Qwen3-235B-A22B, part of the cutting-edge Qwen3 series, introduces the next generation of large language models with both dense and mixture-of-experts (MoE) architectures. This advanced model enables seamless switching between thinking mode (for complex reasoning, math, and coding) and non-thinking mode (for fast, general-purpose dialogue) within a single model—delivering optimal performance for a wide range of applications.
Key highlights:
Outperforms previous generation QwQ models (in thinking mode) and Qwen2.5 instruct models (in non-thinking mode) in mathematics, code generation, and commonsense logical reasoning.
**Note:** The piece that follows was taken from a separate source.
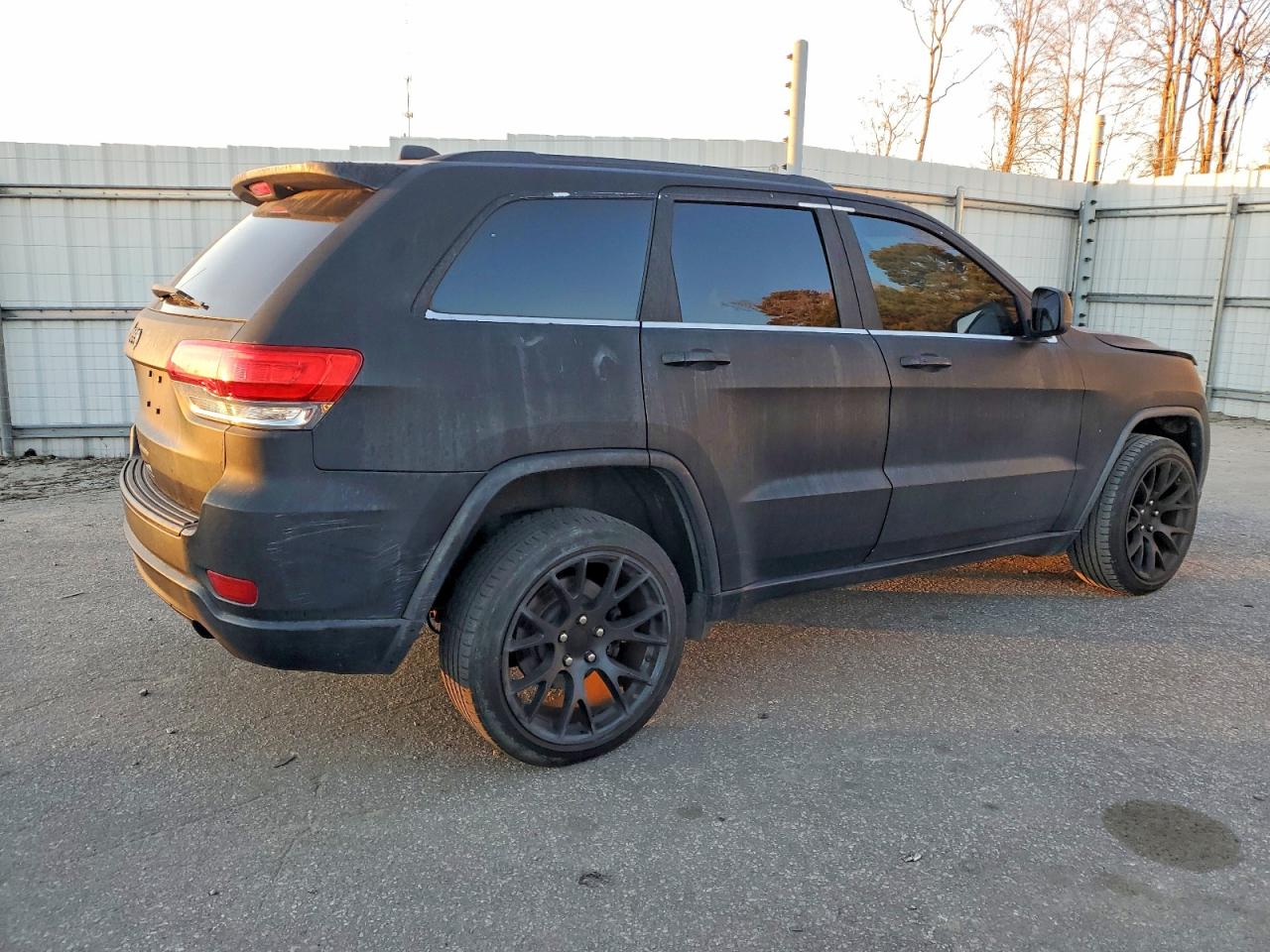 2015 JEEP GRAND CHEROKEE LAREDO photo 3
Offers superior alignment with human preferences, excelling in creative writing, role-play, multi-turn dialogue, and following instructions for highly natural and engaging conversations.
Exceptional agent capabilities allow precise external tool integration in both thinking and non-thinking modes, achieving SOTA (state-of-the-art) performance among open-source models for complex agent-based tasks.
Supports over 100 languages and dialects, with robust multilingual instruction following and translation abilities.
Model overview:
Feature | Description |
---|---|
Type | Causal Language Model |
Training Stage | Pretraining & Post-training |
Number of Parameters (Total) | 235B |
Activated Parameters | 22B |
Non-Embedding Parameters | 234B |
Layers | 94 |
Attention Heads (GQA) | Q: 64, KV: 4 |
Number of Experts | 128 |
Activated Experts | 8 |
Context Length | 32,768 tokens natively, up to 131,072 tokens with YaRN |
Qwen3-235B-A22B sets a new standard in the industry for reasoning, agent capabilities, human-like dialogue, and multilingual support, making it an ideal choice for sophisticated AI applications.